A lot of the things I removed from the bucket list were cut for being too difficult to pin down. Actions such as forgiveness and acceptance for example. How would I really know if I had ticked them off? After all, I know how capricious I am. I might think I've forgiven someone, then three years down the line they'll say one little thing and I'll be furious with them all over again. So all those items had to go.
But the biggest cut was the line that read 'adopt a child'. At the time when I started writing this list, I was pretty young, and yet already aware that I didn't feel any great biological urge to pass on my genes. And so the logical conclusion at that time was that, when I decided to start a family, I would give a home to a kid who needed it rather than making one from scratch.
Fast forward eight years, and it has become clear that the conclusion may have been incorrect. It's not just that I don't feel the need to further my genetic line, I simply don't feel that I want children. Who knows, maybe that will change in the future. Maybe I'll meet someone special and want to raise 'our' child, or maybe some ticking time bomb of hormones will explode and I'll suddenly become desperately broody - I am approaching 30, so it's a dangerous age - but as time goes on it looks increasingly unlikely.

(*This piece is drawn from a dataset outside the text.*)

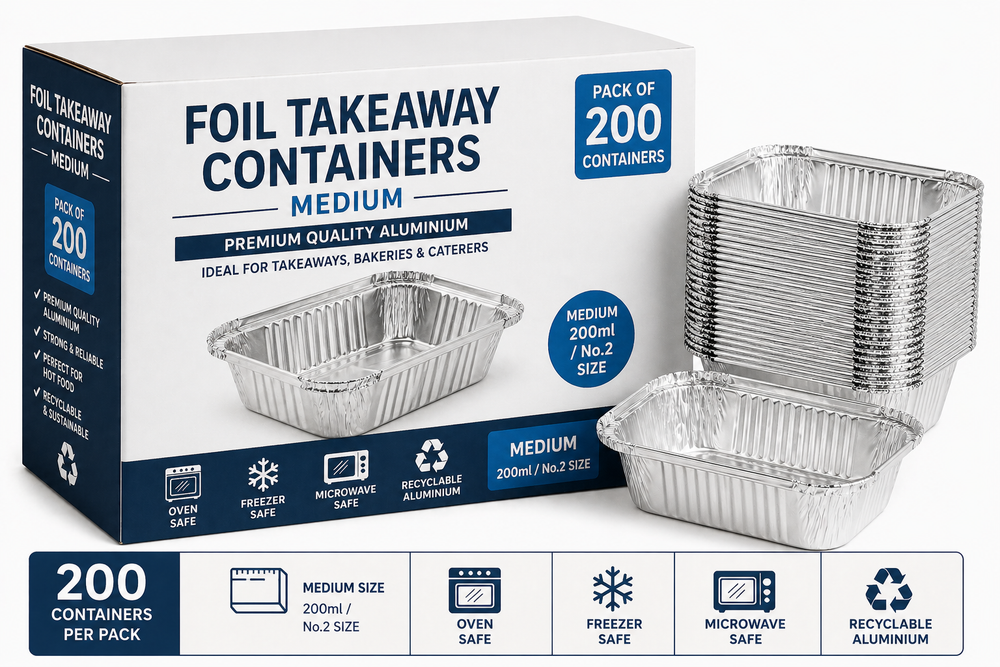 Foil Takeaway Containers Medium 200ml x 200 Pack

It's a surprisingly difficult thing to tell people. Despite the advances of feminism, it is still built into the make up of our society that the great aim of womanhood is to become a mother. People think you must be a real hard-nosed, unfeminine, kid-hating bitch if you don't want that for yourself. And I'm no kid-hater. I like most children (not all. I'm sorry, but some kids are arseholes, just like some grown-ups). I love my little nieces more than anything, but I also like giving them back to their parents. For one thing, I know I couldn't do anything even close to the amazing job my brother and sister-in-law do at raising sproglets, but mostly, I just like my life the way it is. And so the item had to go.
P.S. If it's 20 years from now and you are my kid reading this, please don't think you aren't wanted. Just think how much I must have wanted you to change my mind.